Wrona: Wsparcie klubu było ogromne

Andrzej Wrona to objawienie minionego sezonu. Środkowy Delekty Bydgoszcz był wielką podporą swojego klubu, a teraz ma szansę na zaistnienie w reprezentacji. W lidze zwyciężył klasyfikacje najlepiej blokujących. Pokonał w tym elemencie takie gwiazdy jak Marcin Możdżonek czy Piotr Nowakowski. Jak sam jednak wspomina, bardzo pomogło mu wsparcie klubu.

Tomasz Stawarski
Tomasz Stawarski

Ostatni sezon dla Andrzeja Wrony był niezwykle udany. Rok wcześniej siatkarz borykał się z kontuzją, która na wykluczyła go z gry w rozgrywkach 2010/2011, uniemożliwiając mu pokazanie swoich umiejętności. Klub obdarzył go jednak zaufaniem, co pozwoliło na jego grę w pełnym wymiarze, w minionym sezonie. Powrócił on w wielkim stylu - Zostałem obdarzony gigantycznym zaufaniem od klubu, za co będę mu dozgonnie wdzięczny i nigdy nie powiem złego słowa na temat prezesów czy zarządu. Takiego wsparcia, jakie od nich dostałem, myślę że w większości klubów na pewno bym nie otrzymał. W tym sezonie starałem się im odwdzięczyć, jak tylko mogłem za to zaufanie. Na razie wychodzi to całkiem nieźle. Oczywiście zawsze mogłoby być lepiej, ale cieszę się z tego co jest. Bo to jest tak naprawdę pierwszy sezon, który od początku do końca zagrałem - mówi dla portalu PlusLiga.pl.

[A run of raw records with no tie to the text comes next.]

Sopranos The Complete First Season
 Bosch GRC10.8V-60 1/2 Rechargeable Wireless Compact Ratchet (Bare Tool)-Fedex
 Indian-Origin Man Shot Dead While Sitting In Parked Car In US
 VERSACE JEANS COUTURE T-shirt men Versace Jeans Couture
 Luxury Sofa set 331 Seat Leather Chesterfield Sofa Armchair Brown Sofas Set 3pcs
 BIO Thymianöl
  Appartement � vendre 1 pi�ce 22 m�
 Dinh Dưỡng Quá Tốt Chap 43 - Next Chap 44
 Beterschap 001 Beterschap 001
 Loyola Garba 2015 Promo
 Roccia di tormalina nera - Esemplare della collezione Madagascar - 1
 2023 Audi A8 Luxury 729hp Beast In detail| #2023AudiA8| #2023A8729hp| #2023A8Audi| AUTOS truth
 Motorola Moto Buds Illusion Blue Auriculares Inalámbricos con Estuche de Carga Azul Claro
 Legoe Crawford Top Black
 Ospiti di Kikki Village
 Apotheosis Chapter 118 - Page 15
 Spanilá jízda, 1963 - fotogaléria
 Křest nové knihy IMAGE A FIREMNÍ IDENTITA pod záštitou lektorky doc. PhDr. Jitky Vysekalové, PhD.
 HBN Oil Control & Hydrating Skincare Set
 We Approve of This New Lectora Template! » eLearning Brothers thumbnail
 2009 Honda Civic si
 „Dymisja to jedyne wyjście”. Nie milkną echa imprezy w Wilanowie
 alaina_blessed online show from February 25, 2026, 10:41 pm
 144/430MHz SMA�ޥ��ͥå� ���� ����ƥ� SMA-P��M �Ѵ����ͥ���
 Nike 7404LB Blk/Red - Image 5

Gra Andrzeja Wrony została zauważona także przez szkoleniowców reprezentacji Polski. Dostał powołanie do 25-osobowej kadry trenera Andrea Anastasiego. - To dla mnie duże zaskoczenie. W ogóle się nie spodziewałem, gdyż w PlusLidze gra wielu innych doświadczonych środkowych, którzy również rozgrywają bardzo dobry sezon. Cieszę się, że trener Andrea Anastasi mnie dostrzegł. Miejsce w szerokiej kadrze będzie inspiracją do dalszej pracy - kończy zawodnik.